At the lower end of the income scale -- those in households earning less than $40,000 a year -- 54% said they weren't feeling financially secure.

When broken down by race, worries were greatest among blacks, more than two-thirds of whom rated their finances as "fairly shaky" or "very shaky."

Anxiety might be widespread, but it is by no means universal. Even as economists' predictions about the housing market have darkened over the last five months, people's expectations have brightened.

In December's Times/Bloomberg poll, 26% predicted the value of houses in their neighborhoods would go up over the next six months.
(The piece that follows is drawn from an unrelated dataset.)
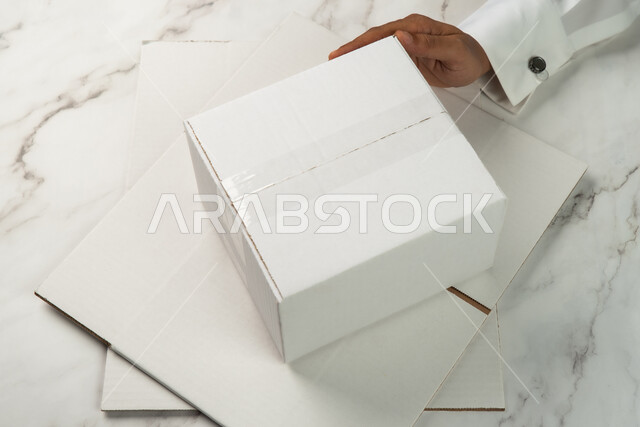 Mockup of a wrapped carton box on a white marble table, a close-up of a Saudi Arabian Gulf man's hand holding a white box, online shipping and delivery cartons, cardboard packaging boxes, express and security delivery services, delivery of orders and good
In January, 27% did.

In the new poll, which was conducted April 5 through Monday and has a margin of sampling error of plus or minus 3 percentage points, 32% expect an increase.

Stan Smith, a retired minister in Eagle Rock, believes that borrowers have become overextended. He thinks the housing market will collapse. Eventually.
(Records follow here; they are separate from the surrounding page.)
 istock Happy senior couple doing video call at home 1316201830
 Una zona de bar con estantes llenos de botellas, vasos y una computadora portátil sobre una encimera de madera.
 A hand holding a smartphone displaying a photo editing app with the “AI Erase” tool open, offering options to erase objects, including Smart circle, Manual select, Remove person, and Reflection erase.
"The values are so inflated. It's ridiculous," said Smith, a renter. "But people are willing to pay the prices to live in certain areas. They want what they want, and they want it now."

Housing experts were a little puzzled by the enthusiastic attitude of some respondents.
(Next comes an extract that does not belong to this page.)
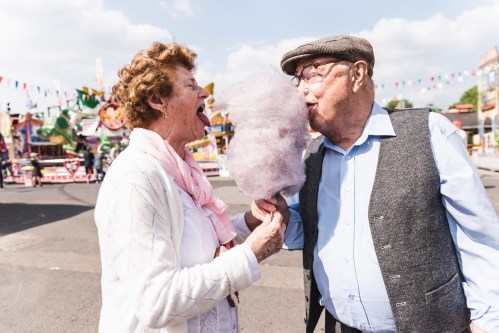 An elderly couple playfully sharing cotton candy at a fair, smiling and enjoying each other's company.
"Mortgage credit is clearly tightening, affordability is not good and there are a record number of unoccupied homes for sale," said Scott Simon, a mortgage-bond fund manager for Pacific Investment Management Co. in Newport Beach. "We think prices should be down a few percent this year and, if we are wrong, it will be worse than that."

The poll respondents narrowly favored government aid for low-income buyers facing foreclosure, 50% to 41%. Black respondents were strongly in favor, 85% to 12%. The rising tide of foreclosure is expected to hit African Americans especially hard, and civil rights leaders have urged government intervention.

David Poulnot, an insurance agent in Charleston, S.C., is not an advocate of aid. Many people may be just one misfortune from disaster, he said, but what they really need is more discipline.